Data extracted from a collection
-------------------------
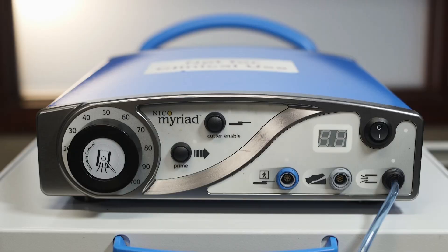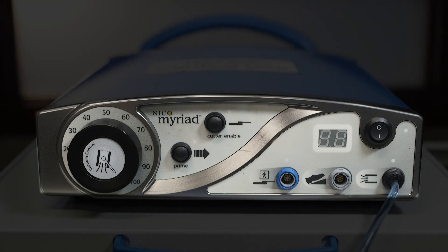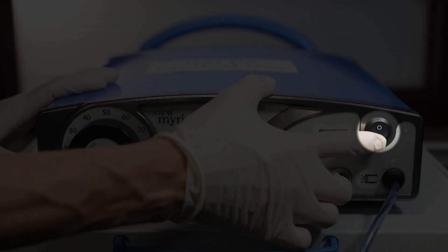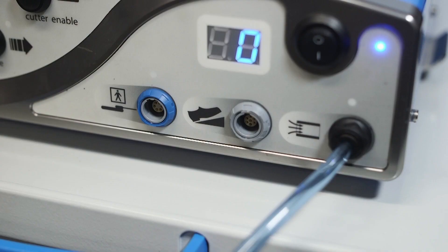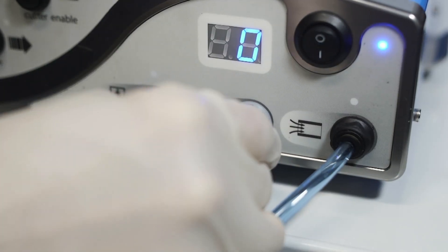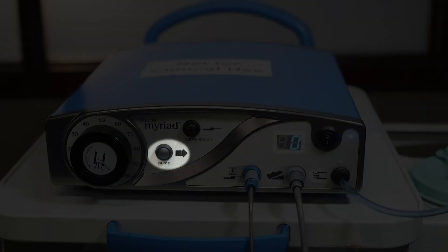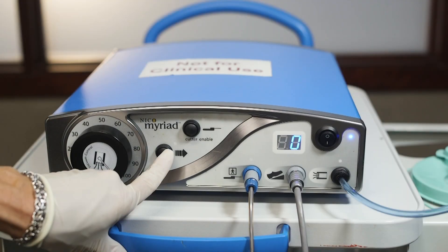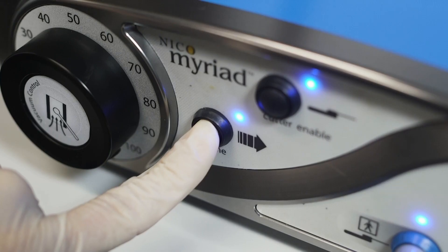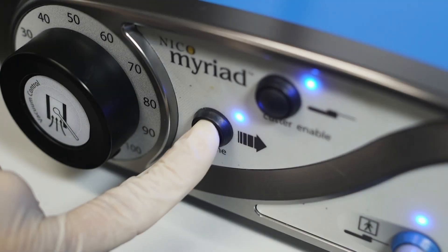Operating the Neco Myriad can be found by using the functions located on the front panel of the console. To turn the system on or off, toggle the power switch to the appropriate indicated position. The foot pedal image shows the attachment site for the foot pedal cord to the console. The Prime button enables the user to prime the handpiece. Priming will occur as long as this button is depressed. The indicator light, located above the Prime button, illuminates when the handpiece is being primed.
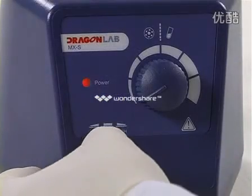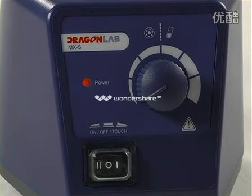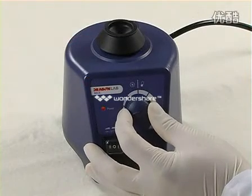Push the two-position switch to the left to turn on the instrument. The power LED will illuminate, indicating the instrument is now ready for use. Slowly turn the speed control knob to the desired scale.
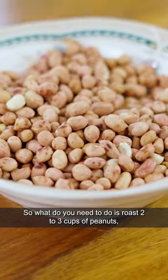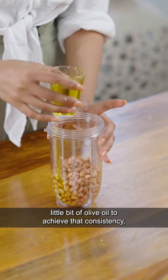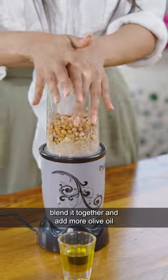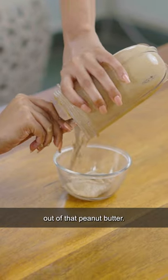So what you need to do is take 2-3 cups of peanuts, add them to a blender, add a little bit of olive oil to achieve that consistency, blend it together and add more olive oil so that you get that rich creamy flavour out of that peanut butter.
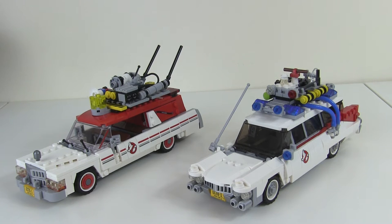Today I'm doing a comparison video between the old Ecto-1 and the new Ecto-1. Let's have a look at the old one in overall details.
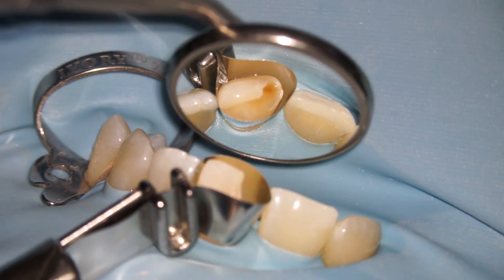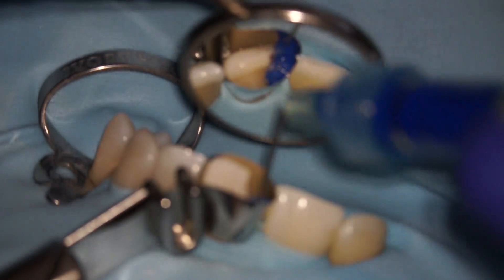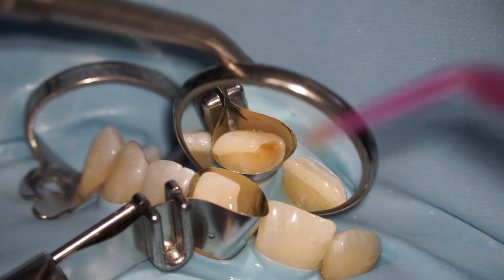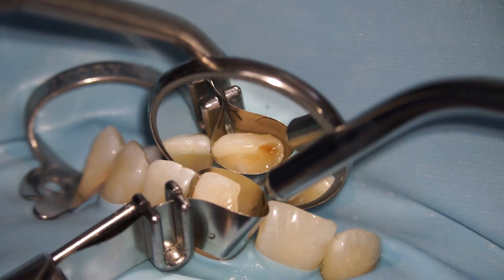You will see an orange spot here — that's just some of the affected tooth structure that's been left behind. Perfectly healthy. Now we're going through the bonding process to make sure that when we do put the filling in, it's going to adhere well to the tooth. We set it with our light to make sure that the bond is nice and ready for the filling we're about to put in.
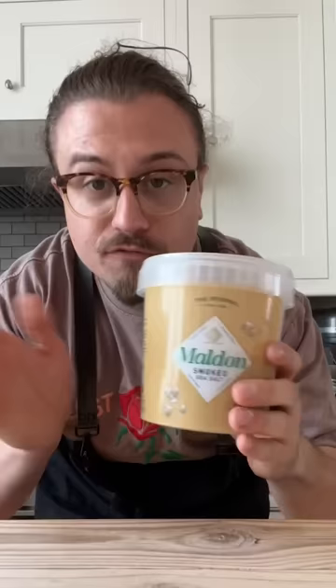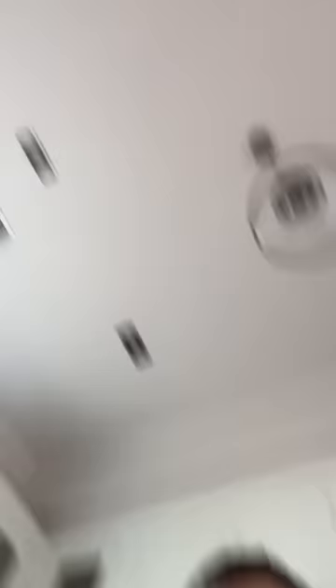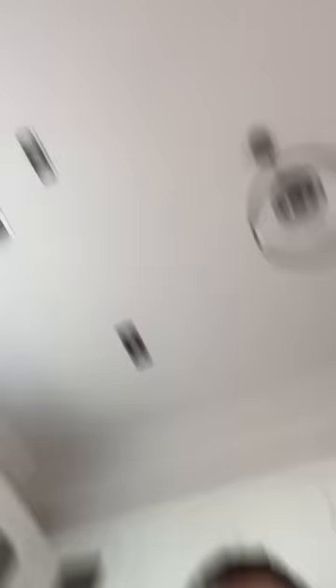There are different salts for different things, in case you didn't know. Flaky salt is for finishing, like a salad, or something like a nice soft boiled egg. These expensive textural wonderlands you're ruining.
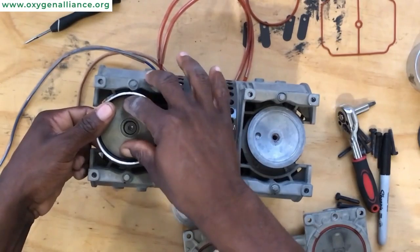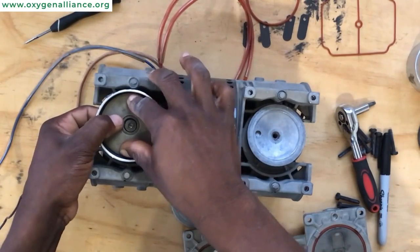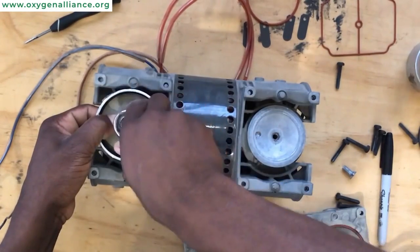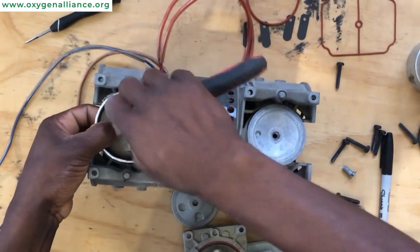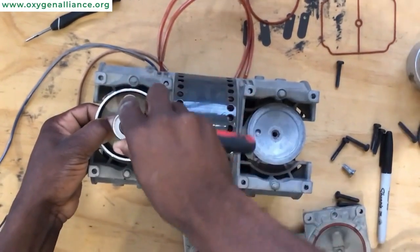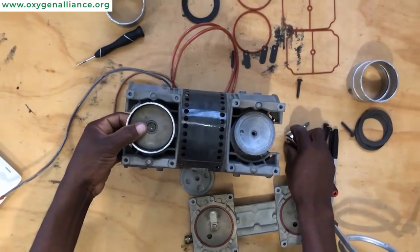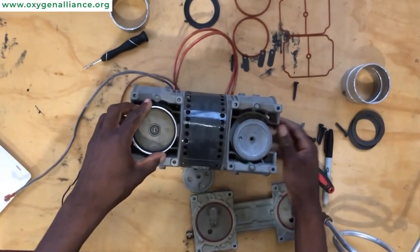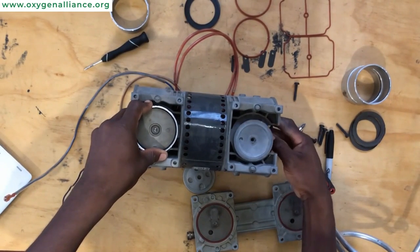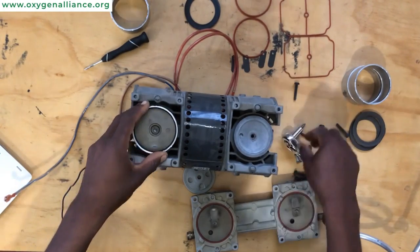When replacing the screw, don't tighten it the first time because you need to check and make sure that the cup retainer is rotating and locked into place. Once you feel it's nicely locked into place, you can tighten it up so that it doesn't get loose when the compressor is running. Once placed, you can try and rotate it a bit just to see if the piston cup is nicely aligned inside the cylinder sleeve.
-------------------------
EXERCISE
Among the entries above, copy exactly the stretch from the line holding "So what you" through the line holding "There are different", leaving out any pictures.

TASK ANSWER
So what you need to do is take 2-3 cups of peanuts, add them to a blender, add a little bit of olive oil to achieve that consistency, blend it together and add more olive oil so that you get that rich creamy flavour out of that peanut butter.
Today I'm doing a comparison video between the old Ecto-1 and the new Ecto-1. Let's have a look at the old one in overall details.
You will see an orange spot here — that's just some of the affected tooth structure that's been left behind. Perfectly healthy. Now we're going through the bonding process to make sure that when we do put the filling in, it's going to adhere well to the tooth. We set it with our light to make sure that the bond is nice and ready for the filling we're about to put in.
There are different salts for different things, in case you didn't know. Flaky salt is for finishing, like a salad, or something like a nice soft boiled egg. These expensive textural wonderlands you're ruining.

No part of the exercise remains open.